Il y a un thème remarquable qui a été mentionné pour la première fois dans chapitre 3 de l’épître aux Hébreux 3 et repris dans Hébreux 4 — entrer dans le repos de Dieu. Dans Hébreux 3, nous avons appris que nous pouvons perdre cette bénédiction en répondant à la voix de Dieu avec un cœur endurci. Dans Hébreux 4, nous en apprenons davantage sur la nature de ce repos et sur la manière dont nous pouvons y entrer.

Qu’est-ce que ce repos ?                                                    

Passons directement à notre passage.  Une chose est claire : l’auteur affirme que la bénédiction du repos de Dieu nous est accessible aujourd’hui. Il le répète à trois reprises aux versets 1, 6 et 9 (Hébreux 4.1, 6, 9). Son argument est que, bien que l’Ancien Testament parle de deux « repos », il évoque aussi clairement un autre repos futur et plus grand dans lequel le peuple de Dieu pourrait entrer.

Il y avait le repos hebdomadaire du sabbat — le repos du travail physique le samedi. Genèse 2.2-3 dit que Dieu s’est reposé après avoir créé la terre, non pas parce qu’il était fatigué, mais parce qu’il avait achevé son œuvre. Et les Israélites étaient invités à entrer dans le repos créatif de Dieu en ne travaillant pas le samedi et en faisant confiance à Dieu pour subvenir à leurs besoins. Dans un monde où l’on vivait au jour le jour, c’était du jamais vu. Pourtant, en exprimant ainsi leur foi en leur Dieu, les Israélites témoignaient aux autres nations que leur Dieu était réel, puissant et fidèle à son peuple.

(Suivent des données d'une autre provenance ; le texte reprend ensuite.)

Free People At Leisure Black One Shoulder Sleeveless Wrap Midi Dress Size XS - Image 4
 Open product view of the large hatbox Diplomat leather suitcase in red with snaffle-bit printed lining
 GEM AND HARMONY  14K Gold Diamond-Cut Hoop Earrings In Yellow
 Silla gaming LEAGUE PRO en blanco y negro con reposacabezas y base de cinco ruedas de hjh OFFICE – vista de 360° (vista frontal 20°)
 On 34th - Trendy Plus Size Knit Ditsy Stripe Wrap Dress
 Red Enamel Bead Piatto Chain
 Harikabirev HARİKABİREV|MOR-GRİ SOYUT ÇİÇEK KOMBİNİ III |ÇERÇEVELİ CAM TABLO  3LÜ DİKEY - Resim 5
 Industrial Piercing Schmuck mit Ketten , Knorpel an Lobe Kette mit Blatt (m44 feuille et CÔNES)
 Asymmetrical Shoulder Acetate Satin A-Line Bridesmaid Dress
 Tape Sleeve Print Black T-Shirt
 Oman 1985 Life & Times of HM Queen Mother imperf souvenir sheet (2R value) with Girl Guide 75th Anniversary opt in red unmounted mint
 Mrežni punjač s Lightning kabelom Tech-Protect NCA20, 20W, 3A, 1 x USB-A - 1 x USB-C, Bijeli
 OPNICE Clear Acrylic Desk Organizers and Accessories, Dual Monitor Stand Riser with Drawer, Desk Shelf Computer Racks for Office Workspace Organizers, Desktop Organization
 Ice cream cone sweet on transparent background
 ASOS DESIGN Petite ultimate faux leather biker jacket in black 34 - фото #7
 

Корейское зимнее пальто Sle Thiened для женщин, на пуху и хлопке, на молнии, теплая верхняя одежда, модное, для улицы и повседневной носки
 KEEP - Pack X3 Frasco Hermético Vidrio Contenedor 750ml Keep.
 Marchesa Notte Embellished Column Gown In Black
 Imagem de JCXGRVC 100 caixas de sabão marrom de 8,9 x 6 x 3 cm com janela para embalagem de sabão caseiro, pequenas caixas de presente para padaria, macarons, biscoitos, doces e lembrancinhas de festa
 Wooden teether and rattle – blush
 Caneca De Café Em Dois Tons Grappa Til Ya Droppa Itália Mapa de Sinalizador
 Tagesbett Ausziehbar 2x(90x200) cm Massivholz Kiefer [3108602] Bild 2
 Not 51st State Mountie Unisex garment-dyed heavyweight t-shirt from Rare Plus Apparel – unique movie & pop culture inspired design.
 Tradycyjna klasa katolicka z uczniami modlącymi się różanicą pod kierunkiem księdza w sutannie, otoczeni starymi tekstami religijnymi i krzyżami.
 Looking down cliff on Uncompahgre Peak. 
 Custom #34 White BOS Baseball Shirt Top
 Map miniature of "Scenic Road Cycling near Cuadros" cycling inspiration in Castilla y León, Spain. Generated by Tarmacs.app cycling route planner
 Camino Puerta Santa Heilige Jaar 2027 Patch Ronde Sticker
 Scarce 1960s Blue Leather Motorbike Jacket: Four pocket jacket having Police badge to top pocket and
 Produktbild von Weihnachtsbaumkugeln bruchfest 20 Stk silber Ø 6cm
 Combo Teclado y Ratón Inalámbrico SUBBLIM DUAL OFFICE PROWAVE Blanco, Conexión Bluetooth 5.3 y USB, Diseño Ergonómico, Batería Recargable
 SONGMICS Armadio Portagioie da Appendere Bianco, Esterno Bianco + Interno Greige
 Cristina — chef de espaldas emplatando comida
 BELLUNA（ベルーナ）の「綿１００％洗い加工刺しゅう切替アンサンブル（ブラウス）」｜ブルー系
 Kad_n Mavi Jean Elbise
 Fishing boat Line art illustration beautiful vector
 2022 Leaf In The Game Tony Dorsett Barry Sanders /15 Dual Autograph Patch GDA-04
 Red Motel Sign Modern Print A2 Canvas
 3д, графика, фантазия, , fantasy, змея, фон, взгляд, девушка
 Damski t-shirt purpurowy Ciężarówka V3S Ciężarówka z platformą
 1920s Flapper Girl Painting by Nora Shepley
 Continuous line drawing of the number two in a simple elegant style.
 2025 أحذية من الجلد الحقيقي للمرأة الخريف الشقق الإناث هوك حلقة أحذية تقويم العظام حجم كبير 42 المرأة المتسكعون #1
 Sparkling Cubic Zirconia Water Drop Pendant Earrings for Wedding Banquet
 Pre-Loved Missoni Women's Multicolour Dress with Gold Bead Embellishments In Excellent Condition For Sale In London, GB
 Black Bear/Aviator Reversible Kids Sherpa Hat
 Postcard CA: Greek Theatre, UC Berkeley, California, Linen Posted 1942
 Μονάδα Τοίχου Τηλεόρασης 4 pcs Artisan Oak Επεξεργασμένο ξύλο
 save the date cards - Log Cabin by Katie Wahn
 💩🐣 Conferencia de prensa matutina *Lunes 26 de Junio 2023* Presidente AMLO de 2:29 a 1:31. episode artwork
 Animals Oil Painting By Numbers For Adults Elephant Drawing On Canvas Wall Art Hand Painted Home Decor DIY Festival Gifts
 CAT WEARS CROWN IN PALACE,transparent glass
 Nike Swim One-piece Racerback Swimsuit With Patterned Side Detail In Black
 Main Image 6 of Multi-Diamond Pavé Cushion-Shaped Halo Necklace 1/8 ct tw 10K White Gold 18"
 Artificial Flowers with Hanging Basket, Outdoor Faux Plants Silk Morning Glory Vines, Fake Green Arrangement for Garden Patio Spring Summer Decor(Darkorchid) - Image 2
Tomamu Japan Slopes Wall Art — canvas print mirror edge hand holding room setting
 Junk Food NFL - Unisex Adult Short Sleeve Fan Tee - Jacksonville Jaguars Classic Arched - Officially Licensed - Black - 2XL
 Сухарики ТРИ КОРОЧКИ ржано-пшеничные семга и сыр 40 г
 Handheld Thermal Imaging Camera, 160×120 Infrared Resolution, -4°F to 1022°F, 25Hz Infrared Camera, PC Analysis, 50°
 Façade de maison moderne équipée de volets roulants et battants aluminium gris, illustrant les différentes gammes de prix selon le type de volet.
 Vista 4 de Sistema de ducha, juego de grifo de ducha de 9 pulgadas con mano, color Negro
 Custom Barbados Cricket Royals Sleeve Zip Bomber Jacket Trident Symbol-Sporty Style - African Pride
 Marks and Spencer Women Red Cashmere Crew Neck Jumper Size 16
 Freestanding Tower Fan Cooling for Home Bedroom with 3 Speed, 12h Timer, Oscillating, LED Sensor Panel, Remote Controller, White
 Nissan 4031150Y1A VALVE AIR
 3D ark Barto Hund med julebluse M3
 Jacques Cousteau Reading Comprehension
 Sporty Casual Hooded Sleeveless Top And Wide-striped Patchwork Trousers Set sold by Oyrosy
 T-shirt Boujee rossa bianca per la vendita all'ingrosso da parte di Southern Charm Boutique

Mais ce n’était pas le seul repos que Dieu offrait à Israël dans l’Ancien Testament. Il leur offrait également la Terre promise et un répit face à leurs ennemis. Il leur avait dit qu’il marcherait devant eux et vaincrait leurs ennemis afin qu’ils puissent vivre en sécurité dans le pays qu’il leur avait donné (voir Deutéronome 12.9-10). Tout ce qu’ils avaient à faire, c’était de lui faire confiance et d’entrer dans le pays, et il les protégerait afin qu’ils puissent s’y établir et y vivre en sécurité. Comme on le voit en Hébreux 3, la génération de l’Exode a perdu ce repos parce qu’elle a refusé de faire confiance à la promesse de Dieu en entrant dans le pays. Mais la génération suivante a fait confiance à la promesse de Dieu, et en suivant Josué, elle est entrée dans ce repos.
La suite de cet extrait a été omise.